Audiência da Câmara discutirá aproveitamento de mão de obra carcerária
Audiência da Câmara discutirá aproveitamento de mão de obra carcerária


'Eles precisam de uma oportunidade e quem tem um apoio como esse tem mais chances de deixar o mundo do crime', defendeu o vereador Dico, um dos autores do projeto - Foto GazetaMTA Câmara Municipal realizará uma audiência pública na próxima segunda-feira, 24, para discutir o projeto de lei que cria o Programa de Aproveitamento de Mão de Obra Carcerária no município. O projeto, que prevê a utilização da mão de obra de reeducandos da penitenciária da Mata Grande que fazem direito ao regime semiaberto, é de autoria conjunta dos vereadores Denilson Sodré, o Dico (PPS), Adonias Fernandes (PMDB), Jailton do Pesque Pague (PDT) e Carlos Vanzeli (PDT).

O requerimento que pedia a realização da audiência foi aprovado pelos vereadores na tarde dessa quarta-feira, 19, e segundo o autor, o vereador Dico, o objetivo é realizar uma grande discussão do assunto com a sociedade. "Todos nós sabemos que os presos ficam ociosos dentro dos presídios e quando saem de lá, eles saem sem documentos e muitas vezes sem dinheiro até para voltarem para suas casas. Trabalhando, eles vão poder sair com estrutura para poderem recomeçar suas vidas. E todos nós também sabemos que eles precisam de uma oportunidade e quem tem um apoio como esse tem mais chances de deixar o mundo do crime", defendeu.

Ele ainda complementou informando que os próprios reeducandos estão apoiando a iniciativa e ansiosos pela aprovação do projeto. "Eles (reeducandos) já nos avisaram que nos apoiam e pediram aos próprios companheiros que queiram ser inseridos no programa para que não tentem fugir ou criar problemas para a sociedade. Eu sei que pode causar alguma apreensão em alguns o fato de termos essas pessoas trabalhando na rua, mas é preciso entender que todos somos falhos e em algum momento da vida podemos errar também", disse.
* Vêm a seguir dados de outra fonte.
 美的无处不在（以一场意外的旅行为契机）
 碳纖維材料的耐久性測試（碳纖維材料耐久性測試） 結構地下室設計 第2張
Pelo projeto, que está em tramitação nas comissões da Câmara, reeducandos que fizerem jus ao regime semiaberto e que passarem por avaliação psicológica e forem considerados aptos para participarem do programa, poderão prestar serviços para empresas públicas e privadas, como em obras do Programa de Aceleração do Crescimento (PAC) e outras.

O regime semiaberto é aquele em que o condenado, que já cumpriu parte da sua pena e demonstrou bom comportamento, é liberado para trabalhar ou estudar durante o dia e, com a apresentação de atestados que comprovem a atividade, ele faz jus a descontar um dia de sua pena para cada três trabalhados.